Question

Ratio of magnetic field at the centre of a current carrying coil of radius ${\text{R}}$ and at a distance of ${\text{3 R}}$ on its axis is
$
  {\text{(A) 10}}\sqrt {{\text{10}}} \\
  {\text{(B) 20}}\sqrt {{\text{10}}} \\
  {\text{(C) 2}}\sqrt {{\text{10}}} \\
  {\text{(D) }}\sqrt {{\text{10}}} \\
$

Answer 1

Hint:For finding the ratio of magnetic field at the centre of a current carrying coil of radius ${\text{R}}$ and at some distance ${\text{x}}$ on its axis is given by formula

\[\dfrac{{{{\text{B}}_{{\text{centre}}}}}}{{{{\text{B}}_{{\text{axis}}}}}}{\text{ = }}{\left( {{\text{1 + }}\dfrac{{{x^2}}}{{{{\text{R}}^{\text{2}}}}}} \right)^{{\text{3/2}}}}\] and then substitute the values of ${\text{x}}$ and ${\text{R}}$ in formula and simplify.

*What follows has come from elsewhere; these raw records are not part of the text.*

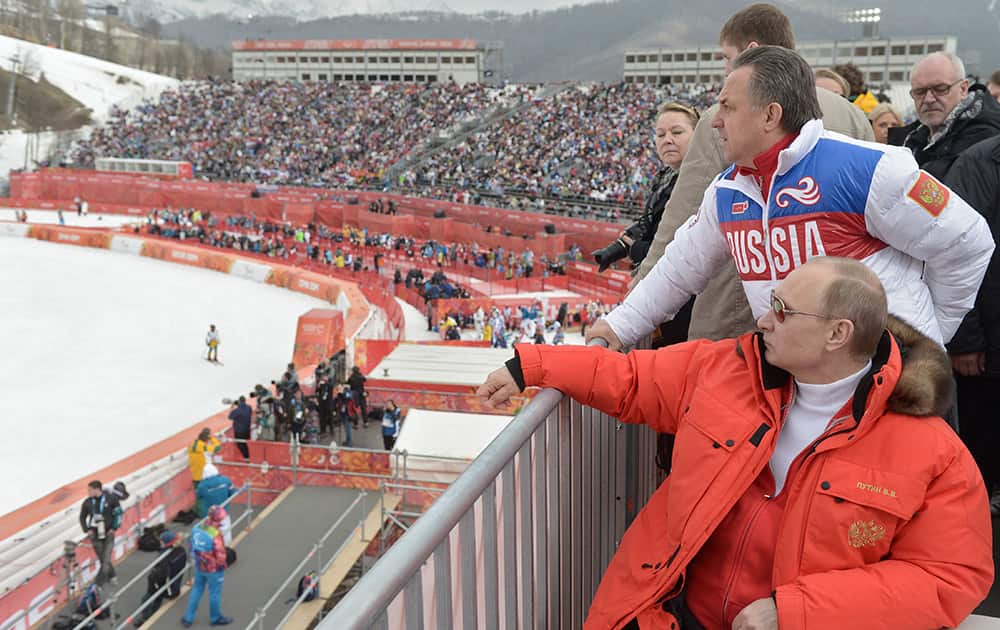 Russian President Vladimir Putin, foreground, watches downhill ski competition of the 2014 Winter Paralympics in Roza Khutor mountain district of Sochi, Russia, as Russia`s sports minister Vitaly Mutko stands behind.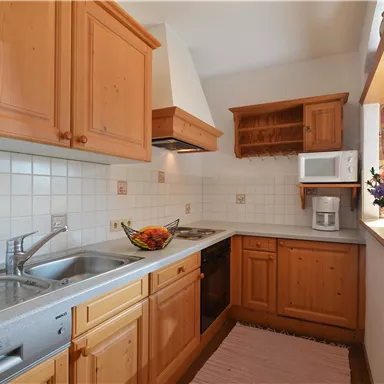 Eine moderne Küche mit Holzschränken und einer hellen Arbeitsfläche. Auf der Theke steht eine Obstschale, und der Raum hat ein Fenster mit Vorhängen.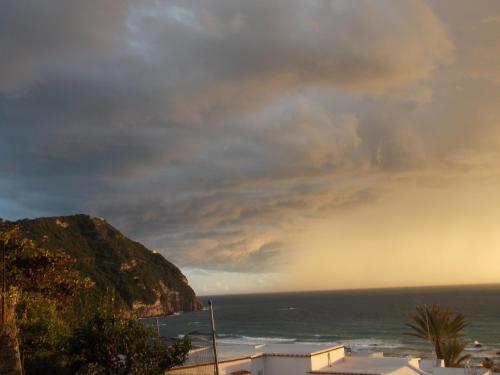 a view of the ocean with a cloudy sky at Villa Loreta in Ischia
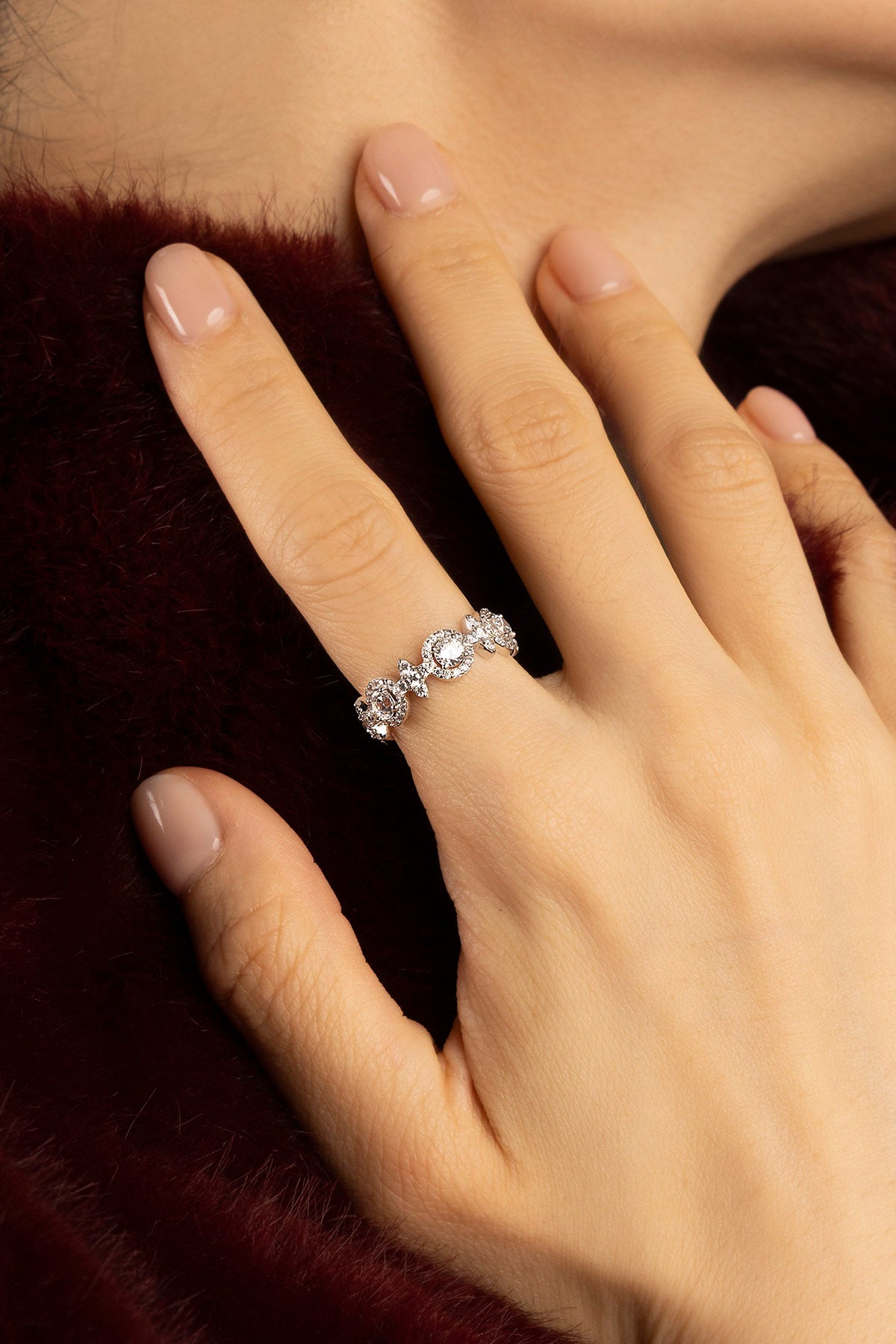 Woman wearing APM ring, a delicate sparkle of quiet winter elegance.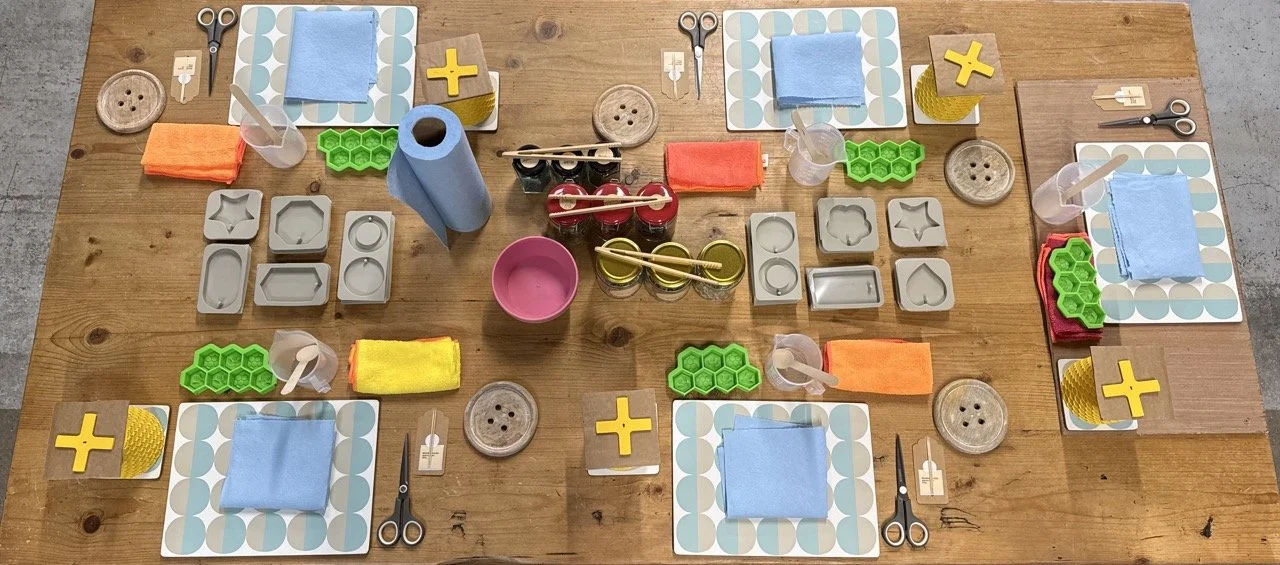 A top-down view of a wooden table set for five people, with crafting supplies, fabric, and tools arranged at each place.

Complete step by step solution: Given: Radius of first current carrying coil is ${\text{R}}$
Distance, \[{\text{x = 3R}}\]

Magnetic field is a region or space around a magnet or current carrying conductor in which its influence can be experienced. Magnetic field is a vector quantity. SI unit of the magnetic field is Tesla and the CGS unit of the magnetic field is Gauss. The relation between SI unit and CGS unit of magnetic field is given as $1{\text{T = 1}}{{\text{0}}^{\text{4}}}{\text{G}}$.
For finding the ratio of magnetic field at the centre of a current carrying coil of radius ${\text{R}}$ and at a distance of ${\text{3 R}}$ on its axis is given by using relation
 \[\dfrac{{{{\text{B}}_{{\text{centre}}}}}}{{{{\text{B}}_{{\text{axis}}}}}}{\text{ = }}{\left( {{\text{1 + }}\dfrac{{{x^2}}}{{{{\text{R}}^{\text{2}}}}}} \right)^{{\text{3/2}}}}\]
Substituting the value of ${\text{R}}$ and ${\text{x}}$ in the above formula, we get
\[
  \dfrac{{{{\text{B}}_{{\text{centre}}}}}}{{{{\text{B}}_{{\text{axis}}}}}}{\text{ = }}{\left( {{\text{1 + }}\dfrac{{{{{\text{(R)}}}^{\text{2}}}}}{{{{{\text{(3R)}}}^{\text{2}}}}}} \right)^{{\text{3/2}}}} \\
  \dfrac{{{{\text{B}}_{{\text{centre}}}}}}{{{{\text{B}}_{{\text{axis}}}}}}{\text{ = }}{\left( {{\text{1 + }}\dfrac{{{{\text{R}}^{\text{2}}}}}{{{\text{9}}{{\text{R}}^{\text{2}}}}}} \right)^{{\text{3/2}}}} \\
   \Rightarrow \dfrac{{{{\text{B}}_{{\text{centre}}}}}}{{{{\text{B}}_{{\text{axis}}}}}}{\text{ = }}{\left( {\dfrac{{{\text{10}}}}{1}} \right)^{{\text{3/2}}}} \\
  \therefore {\text{ }}\dfrac{{{{\text{B}}_{{\text{centre}}}}}}{{{{\text{B}}_{{\text{axis}}}}}}{\text{ = 10}}\sqrt {{\text{10}}} \\
 \]
Thus, ratio of magnetic field at the centre of a current carrying coil of radius ${\text{R}}$ and at a distance of ${\text{3 R}}$ on its axis is ${\text{10}}\sqrt {{\text{10}}} $.

Therefore, option (A) is the correct choice.

Note: When a charged particle enters in a region where both electric field ${\text{E}}$ and magnetic field B exist then force act on the charged particle is called Lorentz force. The formula of the Lorentz force is given by \[F = q[\mathop E\limits^ \to + \mathop v\limits^ \to \times \mathop B\limits^ \to ]\]. Velocity selector is an arrangement of crossed electric and magnetic fields such that when charge particles move in this region then the net force acting on it is zero.